#### Extracted information:

________________________

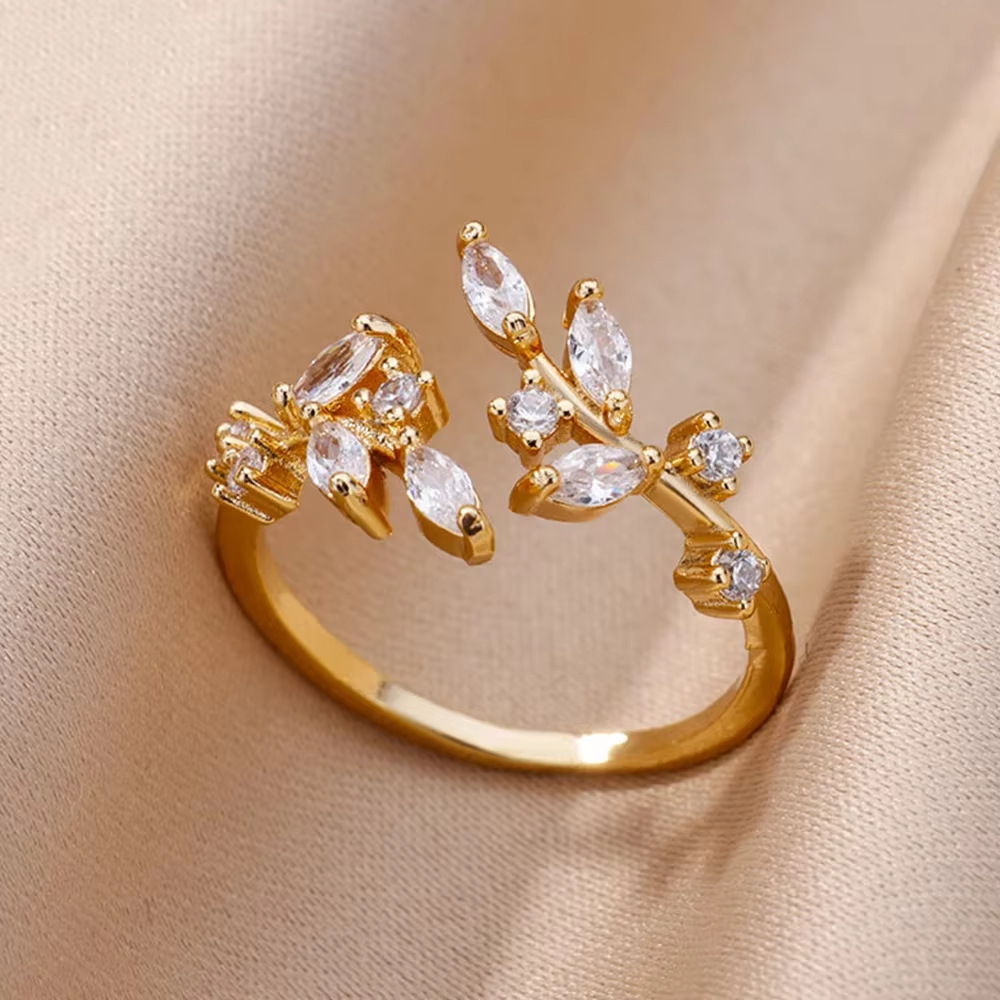 Gold Offen Blatt-Ring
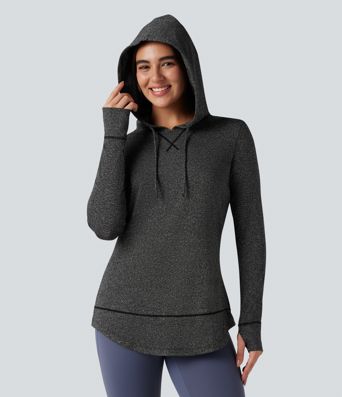 Hooded Drawstring Long Sleeve Thumb Hole Curved Hem Yoga Sports Top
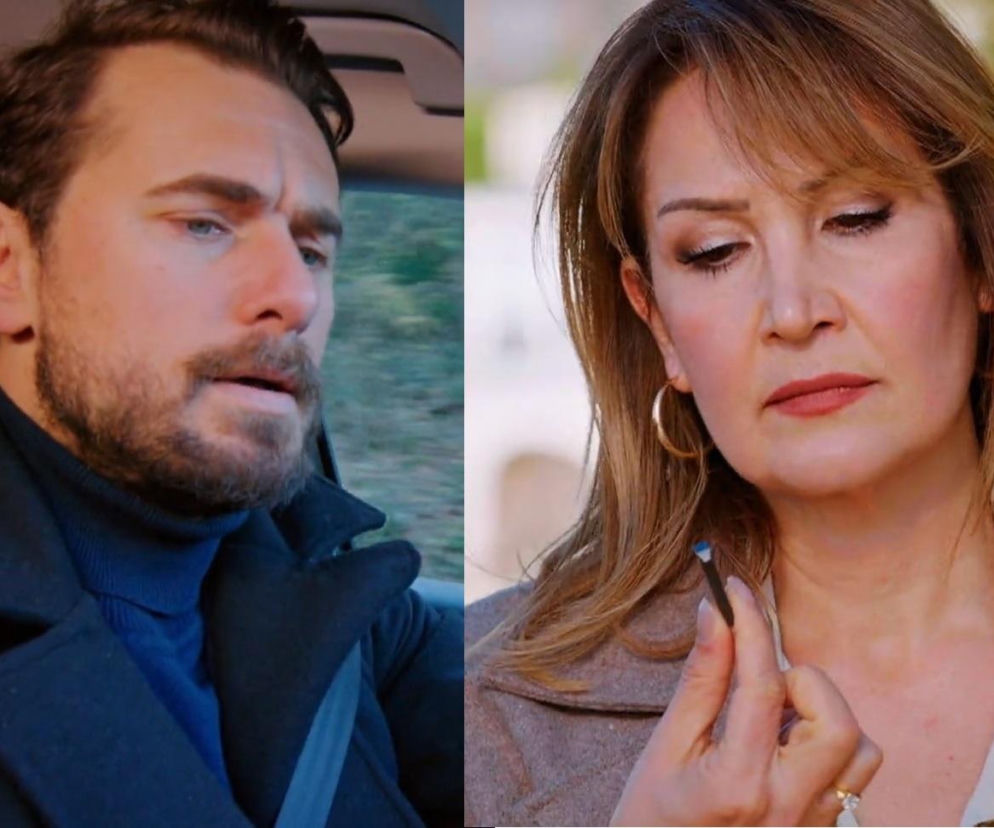 Kuzey w ciemnym płaszczu i golfie, ze zmartwioną miną, oraz Feraye, w beżowej marynarce i złotych kolczykach, trzymająca w dłoni przedmiot, co doskonale obrazuje ich trudną sytuację z 374 odcinka serialu Miłość i nadzieja dostępnego na portalu Super Seriale.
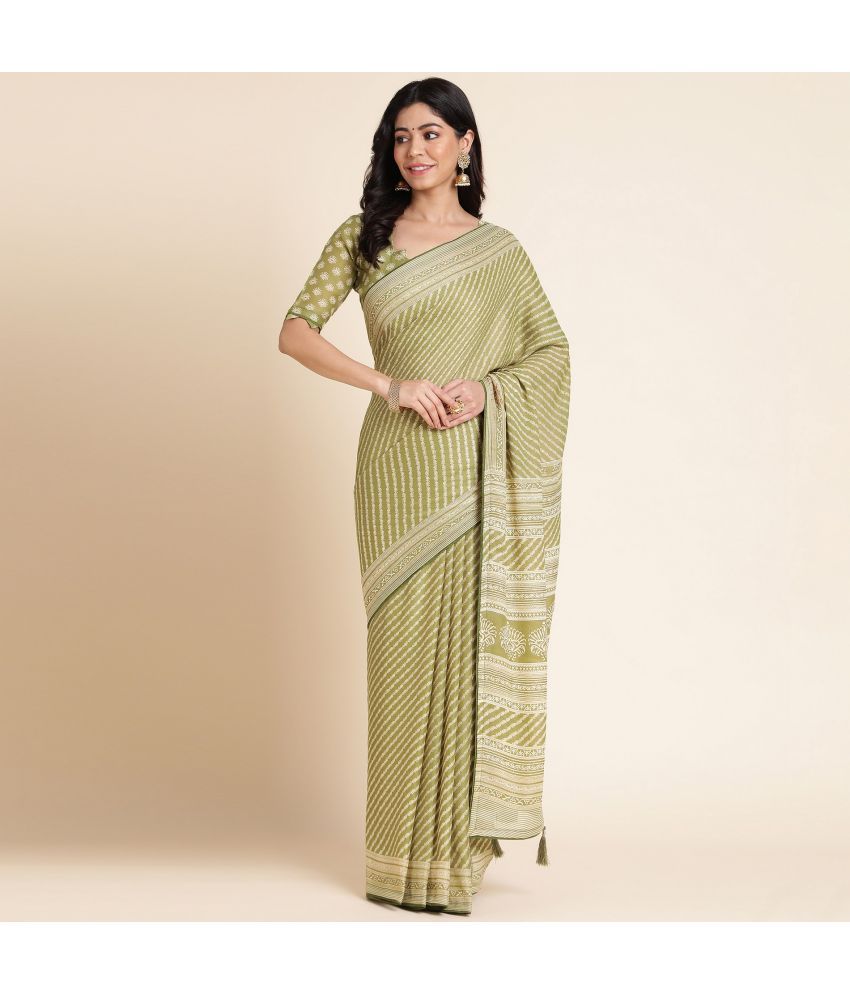     			Rekha Maniyar Georgette Printed Saree With Blouse Piece - Olive ( Pack of 1 )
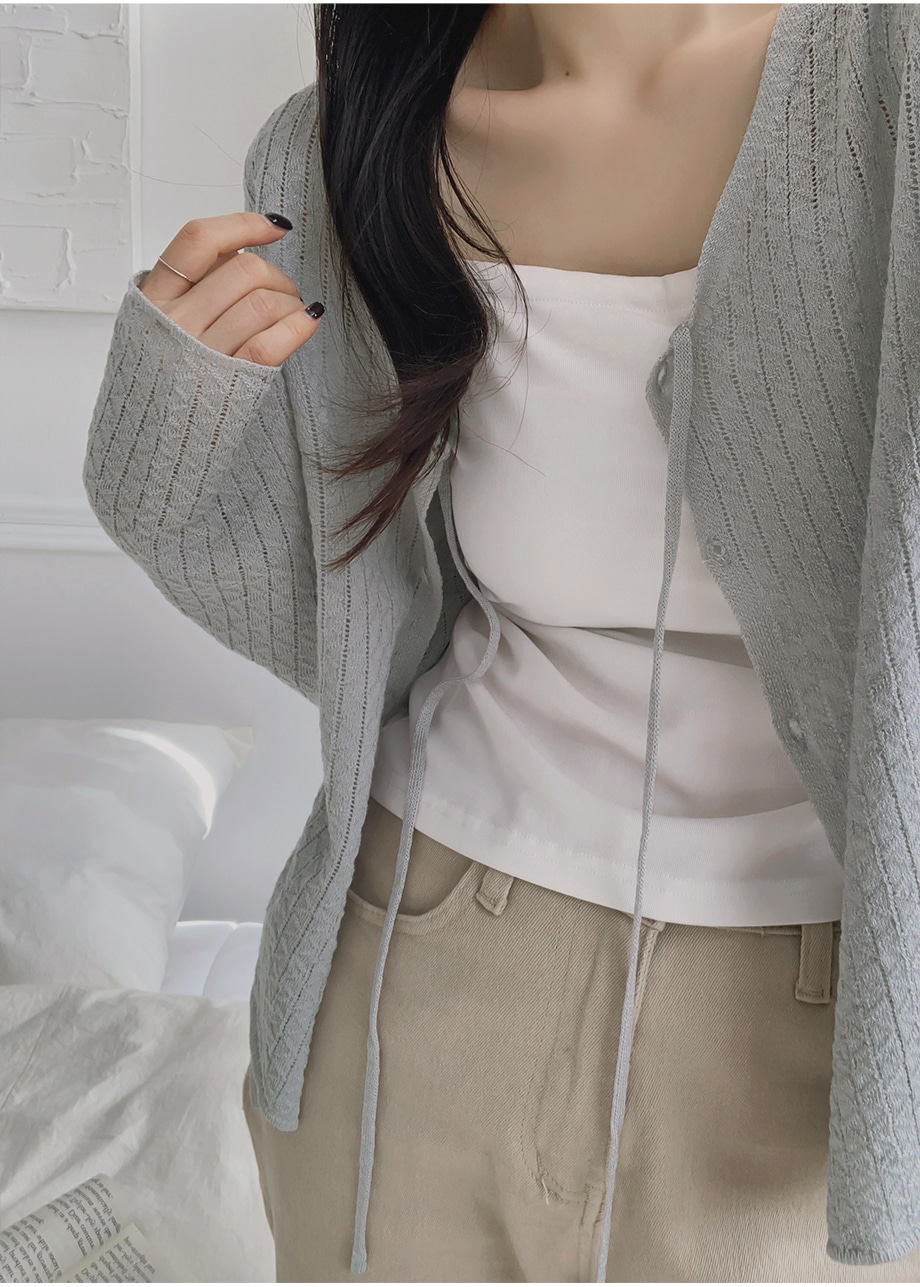 リリエンコ Vネックストラップシュシュセットカーディガン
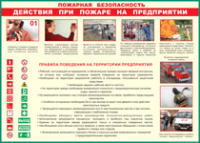 Таблица "Действия при пожаре на предприятии" (100х140 сантиметров, винил) - fgospostavki.ru - Белогорск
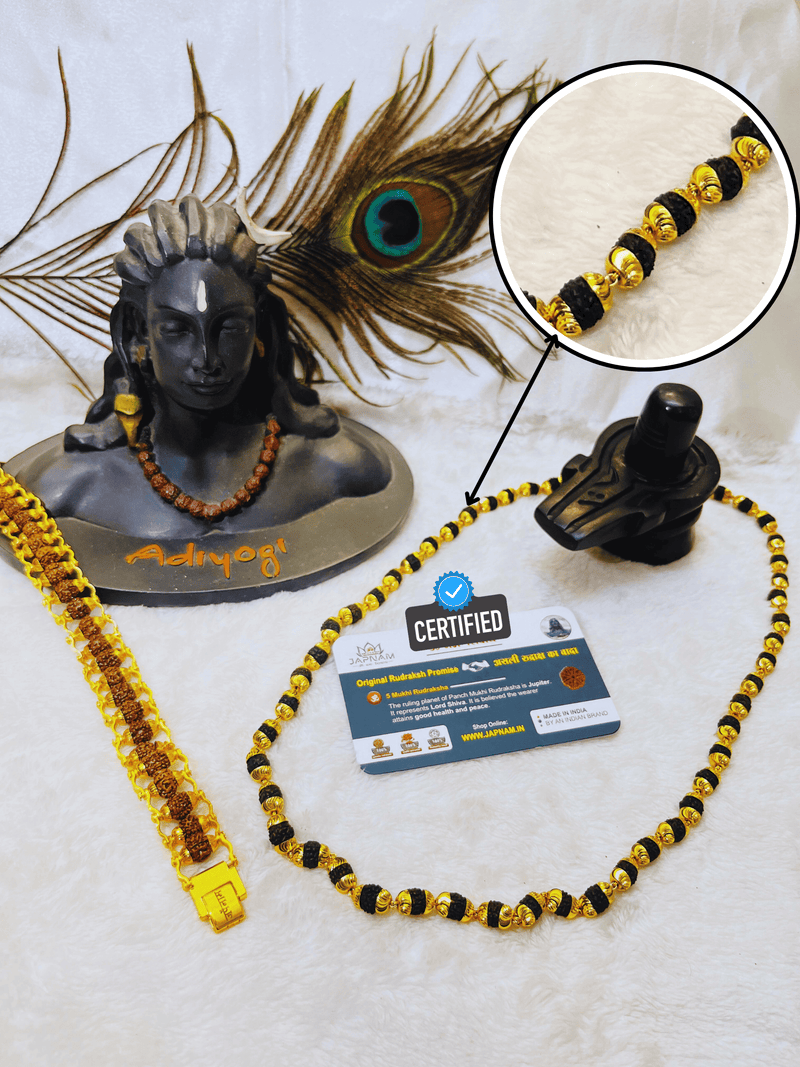 Classic Rudraksha Mala + Designer Bracelet (5 mukhi) Combo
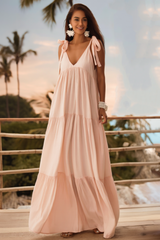 Bohemian Dress Pink V Neck Ruched Maxi Dress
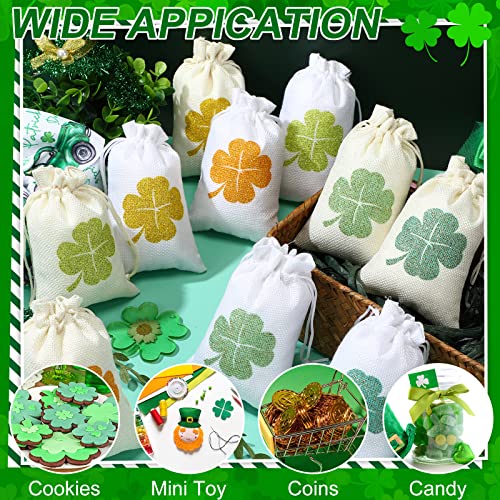Woanger 30 Pcs St. Patricks Day Burlap Gift Bags with Drawstring St. Patricks Day Lucky Shamrock Linen Goody Gift Bags Glitter Jute Coin Treat Candy Bags for St. Patrick's Day Party Supplies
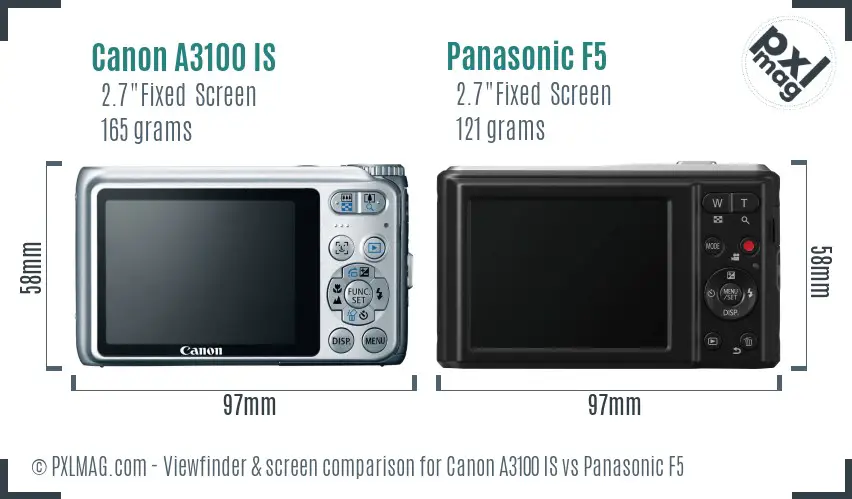 Canon A3100 IS vs Panasonic F5 Screen and Viewfinder comparison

________________________

#### Aim of the task:
From the line containing "Bohemian Dress Pink V Neck Ruched Maxi Dress" down to the last line of the data above, transcribe exactly those lines and no others; omit the pictures.

#### Output for this task:
 Bohemian Dress Pink V Neck Ruched Maxi Dress
Woanger 30 Pcs St. Patricks Day Burlap Gift Bags with Drawstring St. Patricks Day Lucky Shamrock Linen Goody Gift Bags Glitter Jute Coin Treat Candy Bags for St. Patrick's Day Party Supplies
 Canon A3100 IS vs Panasonic F5 Screen and Viewfinder comparison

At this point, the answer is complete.